Narrative of the Life- Frederick Douglass found that in general, those closest to the cause of abolition would be more fervent in their views if they had material to back up the negatives of slavery. The Narrative of the Life of Frederick Douglass is both a memoir and anti-slavery treatise, possibly the most famous written during the period. Like Uncle Tom's Cabin, the book took off like wildfire in the pro-abolitionist North -- as well as Europe, and by 1860 had sold almost 30,000 copies, unheard of at this time (Matlack). The book, accentuated by material from William Lloyd Garrison, a journalist and social reformer who wrote the preface for the original book, can really be considered a classic rhetorical essay and call to arms against slavery on moral, religious, judicial, and scientific grounds. What is particularly insightful, though, is the way the book often uses the moral and ethical tenets of Christianity as the major source of its anti-slavery context, as well as the manner in which it portrays the slave, the slave owner, and the institution of slavery in rather harsh and somewhat one dimensional terms (McFeely).
Douglass portrayed White and Black women differently; in general Southern White Women were seen as more genteel and vulnerable, particularly when regularly left alone with their slaves. Indeed, Douglass seems to see that sometimes black men were indeed a sexual threat to White women; just as White men were often a sexual predator on Black women. In fact, he noted wrote a Southern White woman, Mrs. Wells, who wrote a pamphlet trying to balance these views and assure the world that the Black males was not a constant criminal threat, by saying, "[Mrs. Wells], Brave Woman! You have done your people and mine a service which can neither be weighed nor measured. If the American conscience were only half alive… a scream of horror, shame and indignation would rise to heaven…" (McFeely, 362).

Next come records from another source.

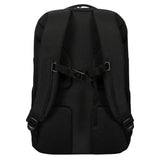 MacBook / Laptop Bag 15-16" Targus Coastline - Black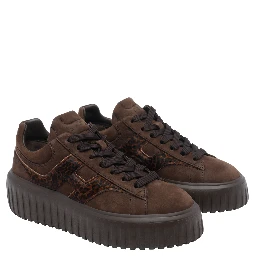 Hogan Sneakers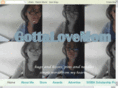 gottalovemom.com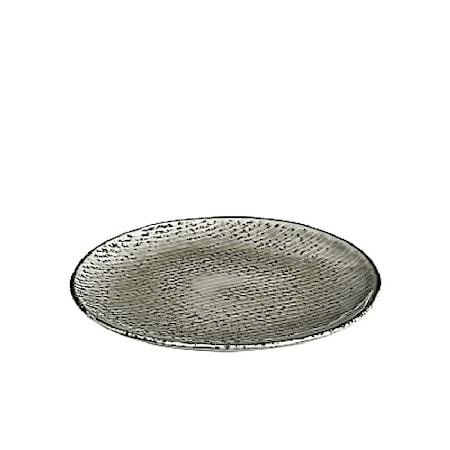 Middagstallrik Nordic Sea Ø 26 cm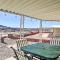 Sun-Dappled AZ Abode with River and Mtn Views!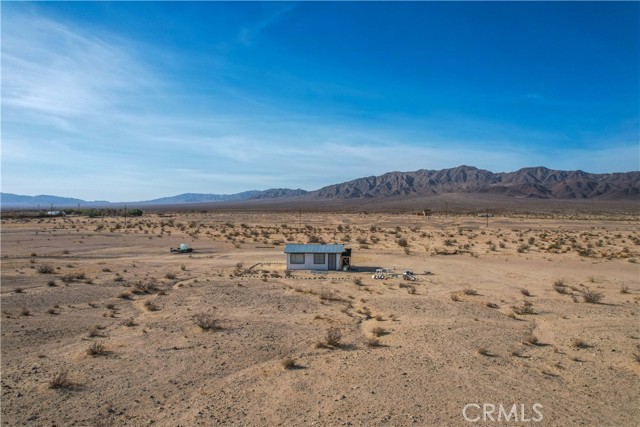 Detail Gallery Image 22 of 26 For 83777 Star Ln, Twentynine Palms,  CA 92277 - 1 Beds | 0 Baths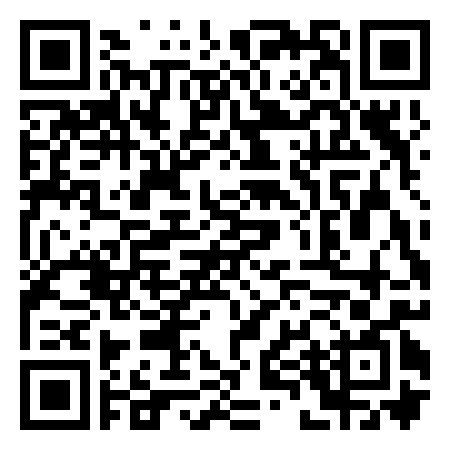 QR Code de CLARK CLUB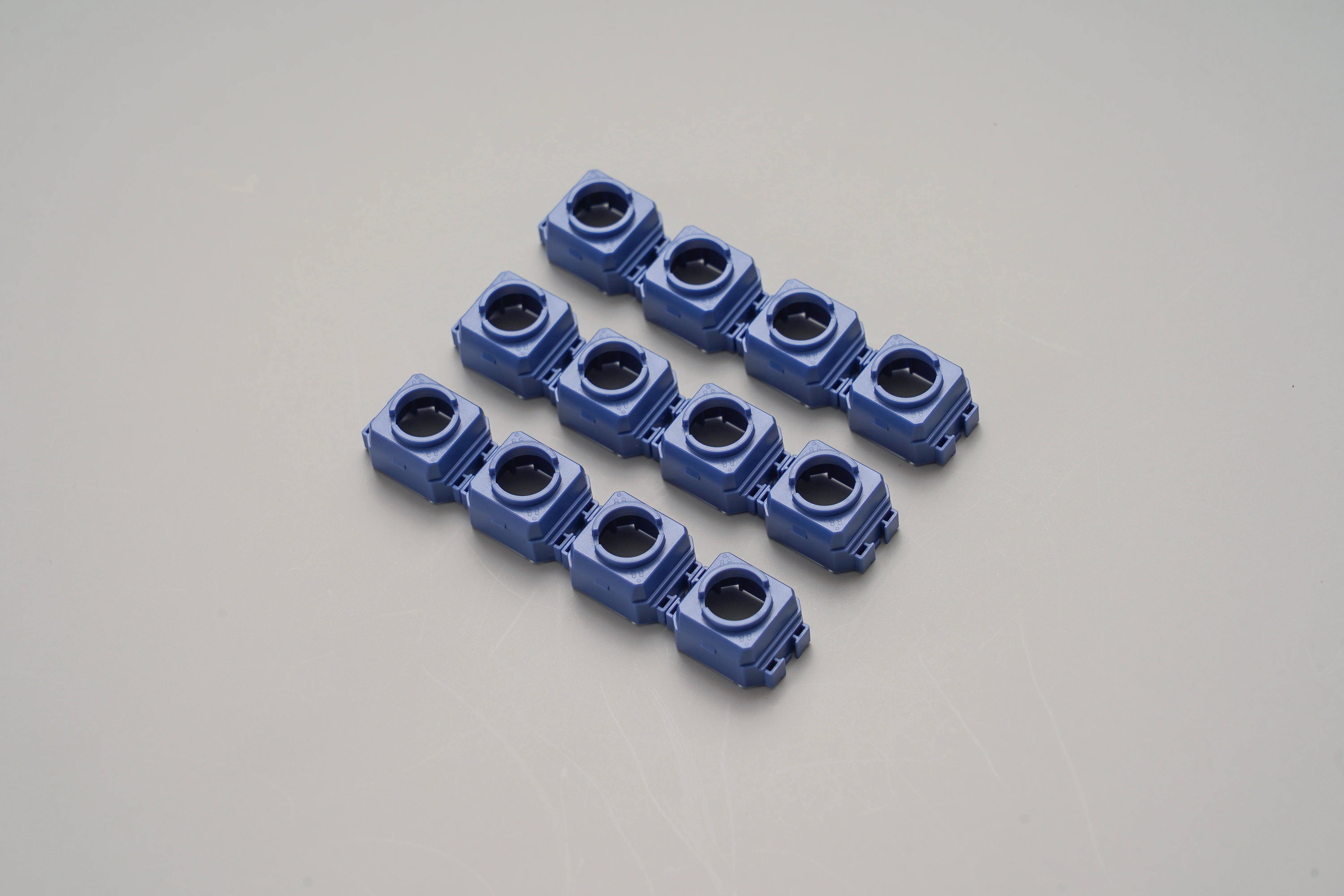 MetaPulse EC Parts Pre-Order - Image 13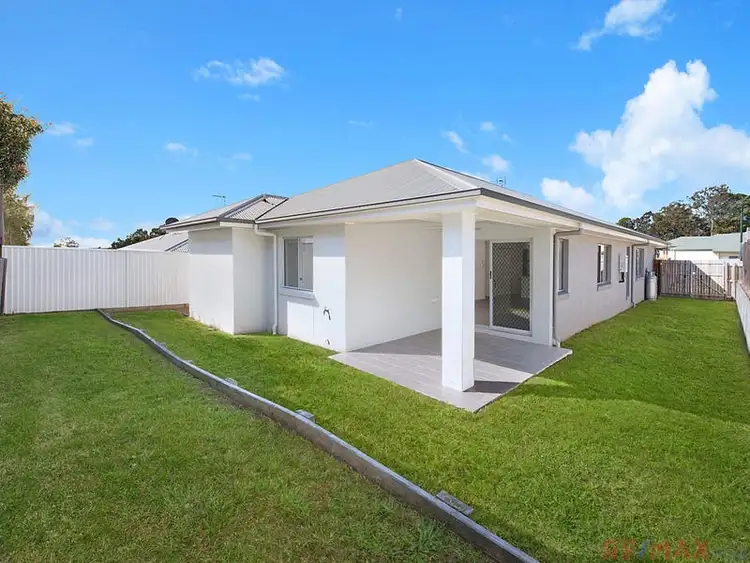 Fifth view of Homely house listing, 28 Wilderness Circuit, Little Mountain QLD 4551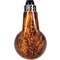 Neerup Ida Pfeifen Boutique Group 5 (Nr. 131) Silber_04
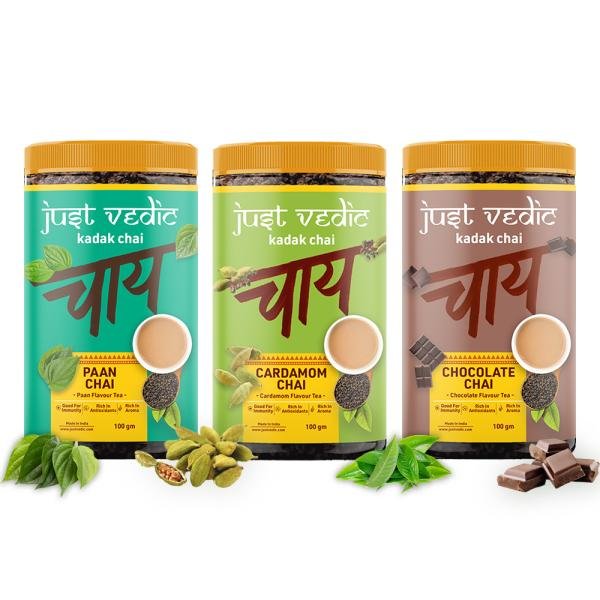 teacurry flavored chai combo pack 100 gms paan cardomon chocolate product images orvkjzxb9uq p594460018 0 202210132205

Still, in his autobiography, he did not see the economic difference as much as others, "We were all ranged together at the valuation. Men and women, old and young, married and single, were ranked with horses, sheep and swine. There were horses and men, cattle and women, pigs and children, all holding the same rank in the scale of being" (45). Yet women were the holders of the future, the real power in slave society, and the way that children could be taught to resist slavery, to know that there was something better, and to understand that the world was not always like the plantation; "The whisper that my master was my father, may or may not be true; and, true or false, it is of but little consequence to my purpose, whilst the fact remains, in all its glaring odiousness, that slaveholders have ordained, and by law established, that the children of slave women shall in all cases follow the condition of their mother…" (3). Too, Douglass paints a picture in which the women was the hub of the wheel within slave society, but it was the family that mattered -- that could allow humans to exist in such conditions, and could be the institution that might change the face of slavery forever,: The warm defender of the sacredness of the family relation is the same that scatters whole families, - sundering husbands and wives, parents and children, sisters and brothers -- leaving the hut vacant, and the hearth desolate" (119).